O filósofo grego Hipócrates, o pai da medicina, descreve no seu juramento que a prática médica deve ser exercida, sobretudo, visando a cura e benefício do doente. Com isso, o exercício médico se pautou no atendimento presencial até a atualidade. Entretanto, devido à pandemia do novo coronavírus, o panorama de atendimento mudou e surgiu uma nova modalidade de atendimento remoto, a telemedicina. Vista como uma inovação, ela possui benefícios e riscos. Convém analisá-los a fim de se convergir para uma prática profissional segura em benefício da saúde da população.

Sob essa ótica, o teleatendimento surgiu como uma opção versátil e segura de atendimento frente às rigorosas medidas de isolamento durante a pandemia de 2020. No que tange aos seus benefícios, possibilitou o maior alcance de pacientes que devido à distância, de outro modo não tinham acesso adequado aos serviços de saúde. Além disso, esse tipo de atendimento deu maior celeridade ao sistema de saúde, pois os casos mais simples que não necessitam de atendimento presencial, como fornecimento de receitas médicas, podem facilmente ser resolvidos por atendimento remoto, o que reduz as filas e prioriza quem de fato necessita de atendimento presencial.

Sob outro viés, a medicina tem a avaliação presencial como seu padrão ouro para delinear o tratamento adequado. Desse modo, pensar em nutrir uma avaliação clínica distante do paciente pode gerar risco de atendimento deficiente. Isso porque o teleatendimento pode esconder muitos aspectos de uma doença que só seriam vistos presencialmente. Ademais, o cidadão que busca essa ferramenta corre o risco de se deparar com profissionais charlatões sem a qualificação mínima para a prática profissional segura.

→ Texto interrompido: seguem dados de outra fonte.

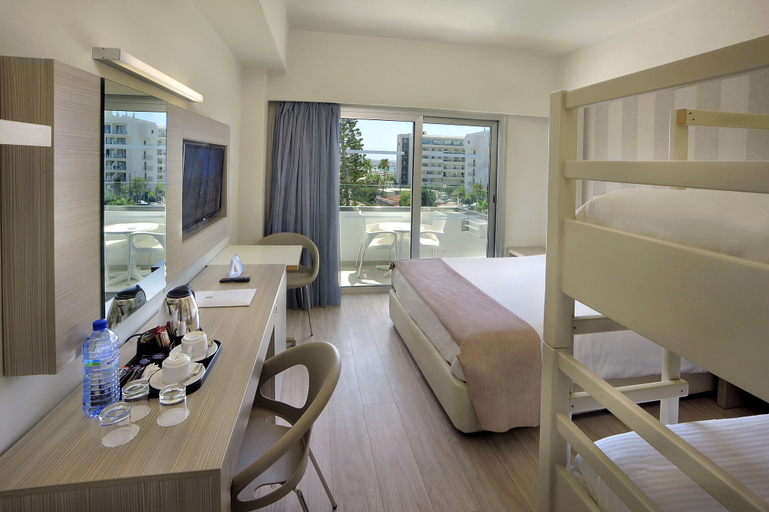 Bedroom 3, Nestor Hotel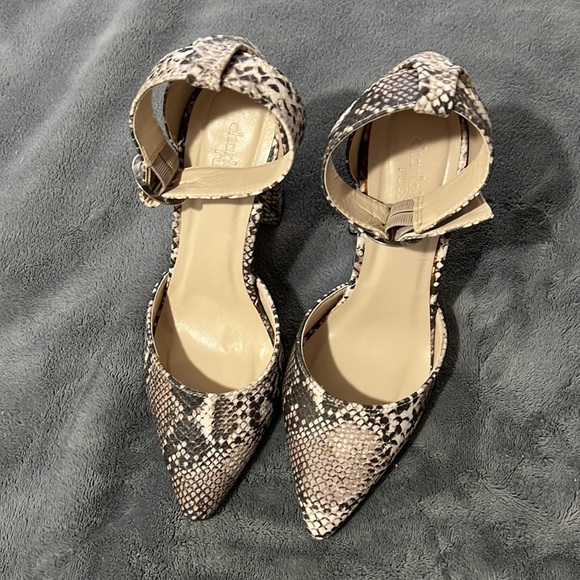Charlotte Russe closed heel snake print - Picture 2 of 3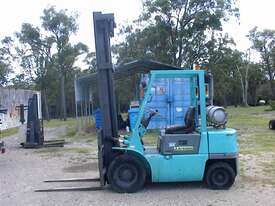 Forklift Mitsubishi FG25 - picture0' - Click to enlarge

E como tal prática é recente, até os meios para sua regulamentação ainda estão em construção e ainda são frágeis, como se vê na legislação federal que regula o seu funcionamento, criada apenas em 2020.

Infere-se, portanto, que a medicina remota tem suas vantagens e desvantagens. Para uma prática profissional segura, é necessáro regulamentar seu exercício a fim de evitar danos aos cidadãos e continuar proporcionando saúde de qualidade. Para isso, cabe ao Conselho Federal de Medicina (CFM), órgão regulador da categoria, regulamentar o exercício da telemedicina de forma segura, por meio da criação de resoluções e normas técnicas que garantam segurança e legalidade à prática. Tais resoluções exigiriam ainda a qualificação adequada para exercício da medicina remota, divulgando em portal de transparência médica a formação técnica do profissional. Desse modo a atuação dos charlatões seria exterminada e seriam garantidas a saúde e a segurança dos cidadãos.